Par exemple, l’hypothèse d’un axe solide existant au pôle et servant de pivot à la terre, ou, comme on l’aurait dit autrefois de préférence, à la machine du monde, c’est-à-dire à la voûte céleste, ne mérite plus d’être citée qu’à un point de vue simplement historique. Il y a des siècles qu’on n’y croit plus. Il n’y a pas de « Grand Clou. » Déjà ni Rabelais, ni Cyrano de Bergerac, dans leurs demi-fantaisies, ne l’admettaient plus.

Cependant, sans rien supposer de précis, on ignorait encore, il y a moins de trois siècles, au temps de Louis XIV, s’il n’y avait pas quelque chose pour supporter la Terre dans l’espace.
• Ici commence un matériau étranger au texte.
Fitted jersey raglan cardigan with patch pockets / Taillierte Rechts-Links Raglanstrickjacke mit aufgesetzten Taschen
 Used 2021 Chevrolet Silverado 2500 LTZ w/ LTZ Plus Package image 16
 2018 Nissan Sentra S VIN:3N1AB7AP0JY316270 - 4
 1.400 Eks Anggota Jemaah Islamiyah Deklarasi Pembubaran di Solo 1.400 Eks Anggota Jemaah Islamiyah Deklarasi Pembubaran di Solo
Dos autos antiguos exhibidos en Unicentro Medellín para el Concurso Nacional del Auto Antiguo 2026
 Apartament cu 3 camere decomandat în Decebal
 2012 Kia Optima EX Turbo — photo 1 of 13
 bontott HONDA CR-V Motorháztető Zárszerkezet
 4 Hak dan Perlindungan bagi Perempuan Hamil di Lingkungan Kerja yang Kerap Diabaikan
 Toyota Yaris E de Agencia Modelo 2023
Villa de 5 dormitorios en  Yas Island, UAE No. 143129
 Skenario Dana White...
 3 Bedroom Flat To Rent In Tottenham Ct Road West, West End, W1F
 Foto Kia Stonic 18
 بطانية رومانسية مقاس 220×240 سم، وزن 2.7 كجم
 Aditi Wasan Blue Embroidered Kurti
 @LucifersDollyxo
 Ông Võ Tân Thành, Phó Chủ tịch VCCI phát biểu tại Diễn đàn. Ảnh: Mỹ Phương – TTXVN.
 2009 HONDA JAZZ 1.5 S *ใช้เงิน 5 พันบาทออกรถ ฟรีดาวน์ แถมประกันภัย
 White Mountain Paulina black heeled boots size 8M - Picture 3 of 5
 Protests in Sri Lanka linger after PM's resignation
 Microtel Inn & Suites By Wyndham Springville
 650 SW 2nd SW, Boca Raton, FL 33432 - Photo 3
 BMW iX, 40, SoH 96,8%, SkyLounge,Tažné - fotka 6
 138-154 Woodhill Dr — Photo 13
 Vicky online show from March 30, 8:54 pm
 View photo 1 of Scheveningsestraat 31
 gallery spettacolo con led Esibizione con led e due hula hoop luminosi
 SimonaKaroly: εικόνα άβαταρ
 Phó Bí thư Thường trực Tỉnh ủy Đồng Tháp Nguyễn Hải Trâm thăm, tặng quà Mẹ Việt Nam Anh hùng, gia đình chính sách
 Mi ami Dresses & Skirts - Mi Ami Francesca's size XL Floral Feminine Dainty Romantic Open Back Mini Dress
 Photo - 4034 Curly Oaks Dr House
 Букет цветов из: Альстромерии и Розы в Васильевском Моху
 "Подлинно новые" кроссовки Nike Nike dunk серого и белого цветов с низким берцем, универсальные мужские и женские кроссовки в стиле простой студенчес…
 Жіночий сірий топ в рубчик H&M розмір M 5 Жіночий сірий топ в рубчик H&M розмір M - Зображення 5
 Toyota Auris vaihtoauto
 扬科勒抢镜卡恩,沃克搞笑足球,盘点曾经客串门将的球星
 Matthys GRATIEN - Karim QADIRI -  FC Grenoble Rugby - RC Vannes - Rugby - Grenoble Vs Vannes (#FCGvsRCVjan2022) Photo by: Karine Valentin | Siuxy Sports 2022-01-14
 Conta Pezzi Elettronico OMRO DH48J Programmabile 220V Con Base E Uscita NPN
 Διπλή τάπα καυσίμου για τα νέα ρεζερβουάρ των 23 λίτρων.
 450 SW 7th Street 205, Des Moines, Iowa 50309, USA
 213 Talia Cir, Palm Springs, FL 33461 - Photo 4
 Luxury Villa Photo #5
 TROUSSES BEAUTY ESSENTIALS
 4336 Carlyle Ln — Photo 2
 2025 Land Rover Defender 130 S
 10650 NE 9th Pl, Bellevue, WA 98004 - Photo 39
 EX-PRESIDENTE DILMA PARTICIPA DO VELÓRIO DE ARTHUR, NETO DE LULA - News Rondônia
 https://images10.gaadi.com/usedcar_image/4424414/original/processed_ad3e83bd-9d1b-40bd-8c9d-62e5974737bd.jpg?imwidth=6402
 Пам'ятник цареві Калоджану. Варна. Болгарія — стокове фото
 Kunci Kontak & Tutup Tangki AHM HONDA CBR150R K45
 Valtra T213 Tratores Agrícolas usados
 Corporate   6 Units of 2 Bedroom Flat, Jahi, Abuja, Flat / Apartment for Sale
Lorsque Regnard, l’illustre poète, qui termina sa carrière à une date dont la Comédie-Française célébrait ces jours-ci le deuxième centenaire, entreprit le fameux voyage en Laponie, dans lequel il atteignit l’extrémité septentrionale des terres de l’Ancien Continent, il parlait encore, d’une façon vague et problématique, du Grand Essieu, sur lequel tourne la Terre et dont il cherchait à se rapprocher.

Après que l’idée d’un pivot ou d’un support solide eut été abandonnée, plusieurs géographes, et non des moindres, persistèrent dans l’hypothèse d’un trou polaire. C’est-à-dire qu’ils supposèrent qu’au Pôle, soit au Pôle Sud, soit au Pôle Nord, soit en ces deux emplacemens, il existait un trou mettant en communication l’eau des mers avec l’intérieur de notre sphère terrestre, supposée creuse. Il n’y a pas lieu de plaisanter sur cette croyance et de la rejeter dédaigneusement sans examen. De fort grands esprits l’ont admise. Mercator lui-même, l’éminent géographe et astronome auquel on doit le système de projection qui porte son nom et sur lequel, depuis trois cent cinquante ans, les marins de tous les pays s’appuient pour fixer la route quotidienne de leurs navires, n’hésitait pas à admettre cette hypothèse du trou polaire.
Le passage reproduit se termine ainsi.